しばらく物陰に潜んで酔いを醒まし(ウッ頭が痛い!)、曲がりくねった細道を歩いてゆくと、やがて一軒のインターネット・パブに行き着いた。そこではなんと、最新の裏日本ファッションを纏ったギャルたちがネットサーフィンを楽しんでいるではないか。

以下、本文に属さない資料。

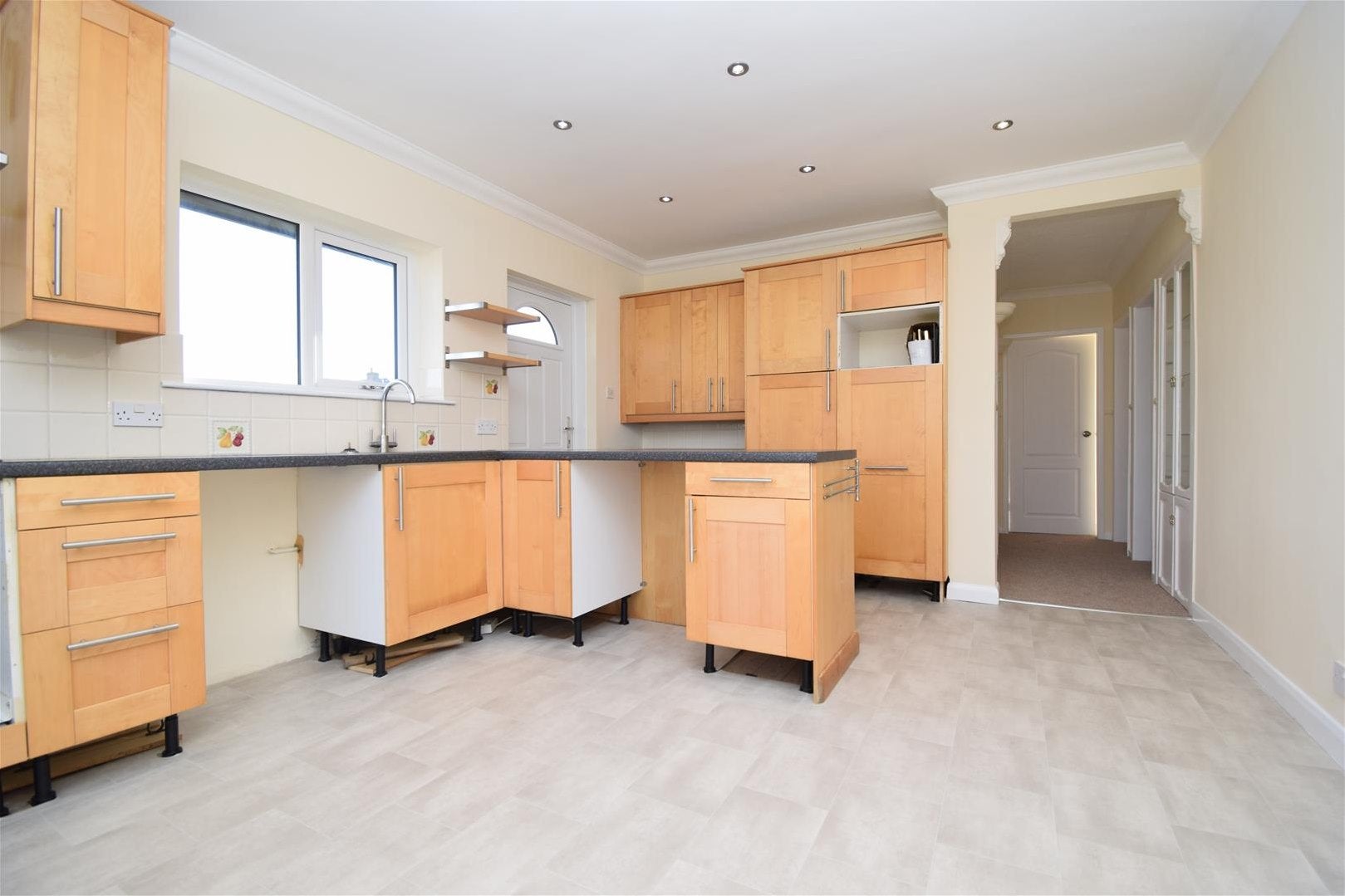 House Hawthorne Close in Wakefield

「しめしめ、この奇妙なファッションこそが裏日本を証明する生きた証」とほくそ笑みながら、さっそく接近遭遇を試みる。
「あのー、ちょっとお話を」
「あら、あっちのオジサン、元気してる?」
さすが敏感なギャルたちだ。一発で僕が表の人間であることがバレてしまった。
彼女たちに限らず、僕らを「あっちの人」と表現するのは、裏日本のごく一般の習慣だ。
「バレたんじゃ仕方がない。ちょっとインタビューしたいんだけど、
喫茶店でも行かない?おいしいいお団子の店があるんだ」
いくらナウくても、ギャルたちが食欲旺盛なのは世界の裏表を問わない。しばらくヒソヒソと談合のすえ「ゼッタイお団子食べるだけよ」と念を押してついて来た。
「おか」と書かれたノスタルジックフーズ・バーに入ると、ステージでは早くも念仏ダンスが始まっている。
「ところで君たち、表日本に行ったことある?」
「あーら、もちろんよ。だってワープタクシーに乗れば簡単だもの、ねえ」とサングラスの娘。
「25ガメシュ払えば、ガイドも雇えるのよ」と大人しい方の娘。どうもこの娘は僕に気があるらしく、さっきから目線を合わせて秋波を送ってくる。
裏日本人との間に出来た子は、いったいどんな人間になるんだろうか、なんて想像しながらニヤニヤしてると、突然意識がモウロウとしてきた。しまった!どうも団子に睡眠薬を入れられたらしい……

意識が戻ると、僕は表日本の笹島のガード下に横たわっていた。洋服はよれよれで財布はすっからかん。ちょうど居合わせた浮浪者が食い残しの海老フライを放ってよこし「早う帰らんと、塾帰りの餓鬼どもにいじめられるぞ」と教えてくれた。